§ SOURCE DATA

┌──

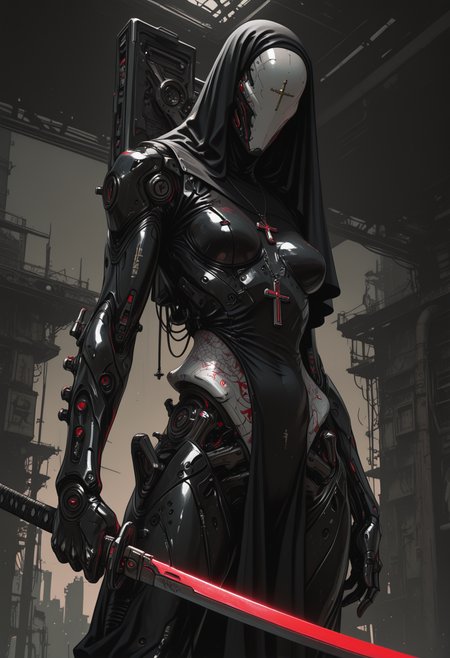 masterpiece,best quality,amazing quality,32k,ultra detailed, 1girl, cybrorg, humanoid, covered face with cyborg mask with engraved cross, big cross pendant, futuristic design, skinny, anthropomorphic creature from steel and chrome, carbon armor as clothes, composite armor, armor joints glow neon red, nun style, holy cyborg, close up, dutch angle, holds one katana in hand, warframe videogame style,hand over handles, hand forward, combat stance, dynamic angle. grunge futurism, dynamic pose, sin city vibes, social dystopia, sinozick_illu, arsmjstyle, <lora:Sinozick_style:0.65> <lora:HyperdetailedColoredPencilIl:0.25> <lora:illustriousXL_stabilizer_v1.23:0.35>, <lora:- iLL - the_edgy_mech_V2.0-:0.5>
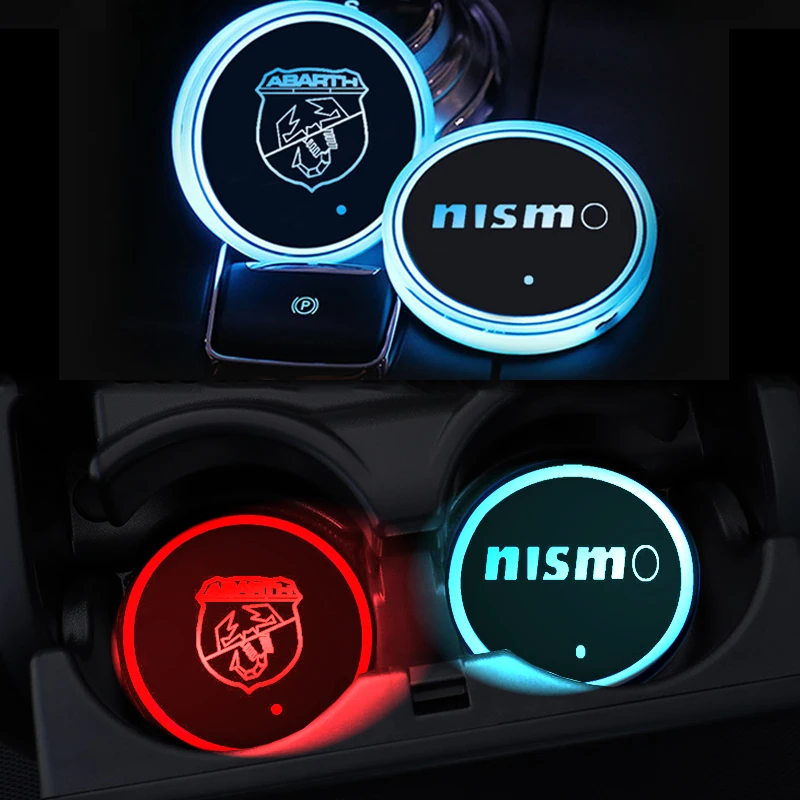 

7Colors LED Car Coasters Logo Cup lights Car interior accessories For Skoda Octavia Fabia Kamiq Kapoq Kodiaq Rapid SCALA Superb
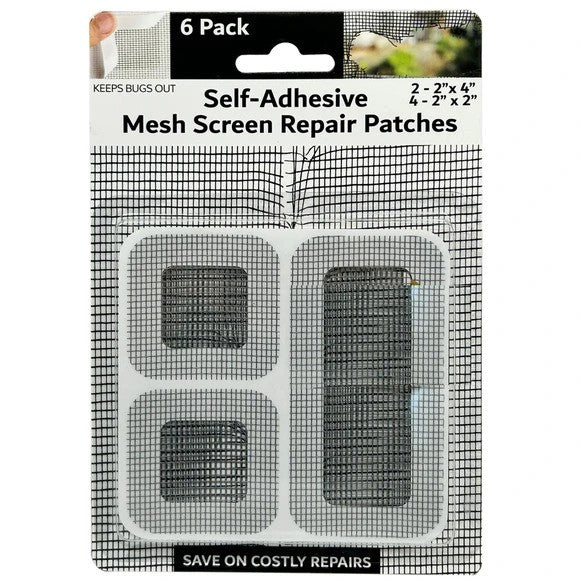 6 Pack Self-Adhesive Mesh Screen Repair Patches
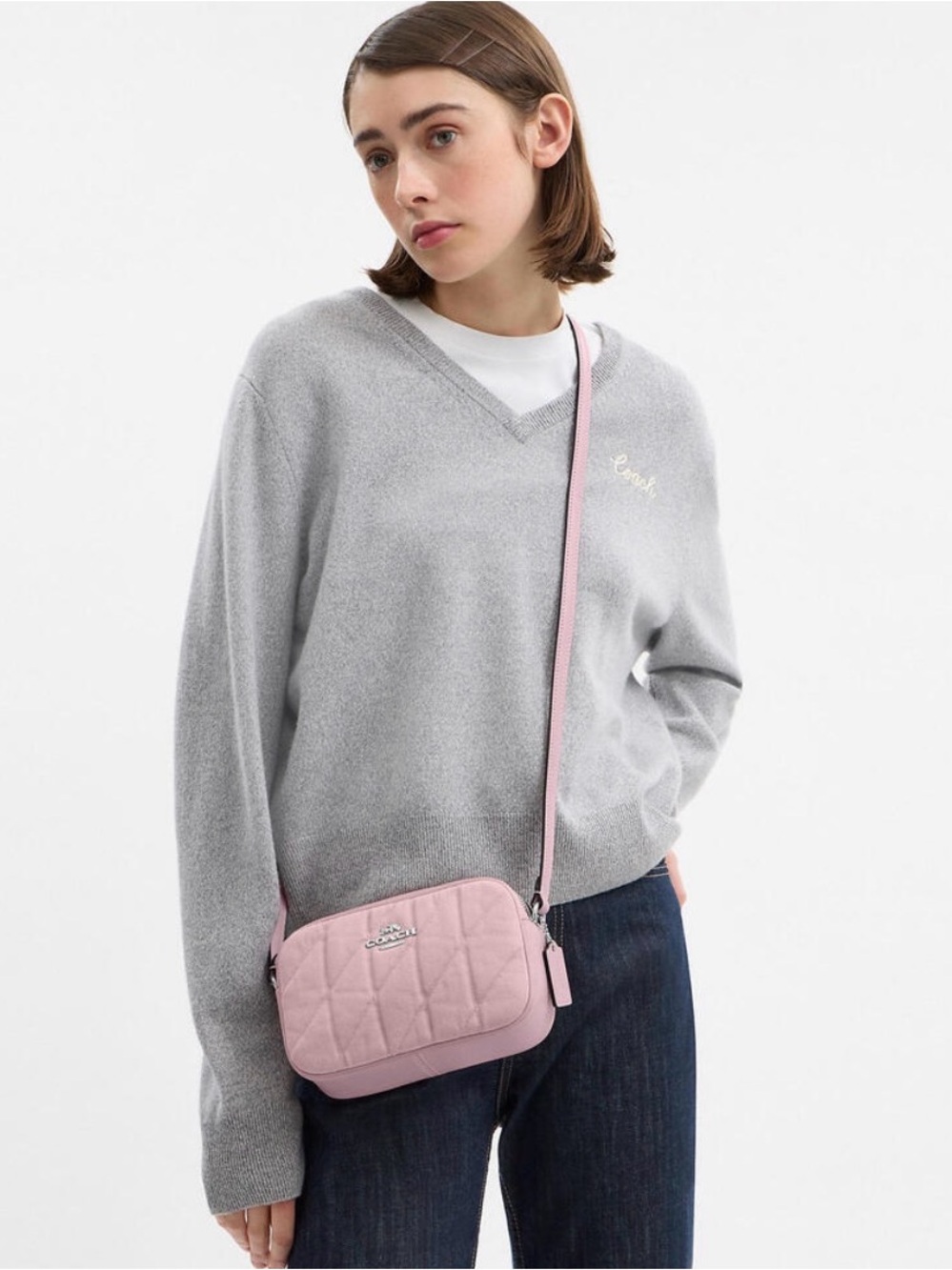 Coach Mini Jamie Camera Bag Pink Quilted Denim Leather - Picture 5 of 12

└──

Only the lines from the one holding "6 Pack Self-Adhesive" through the end of the data are to be printed, exactly as they stand and with no pictures.

 6 Pack Self-Adhesive Mesh Screen Repair Patches
 Coach Mini Jamie Camera Bag Pink Quilted Denim Leather - Picture 5 of 12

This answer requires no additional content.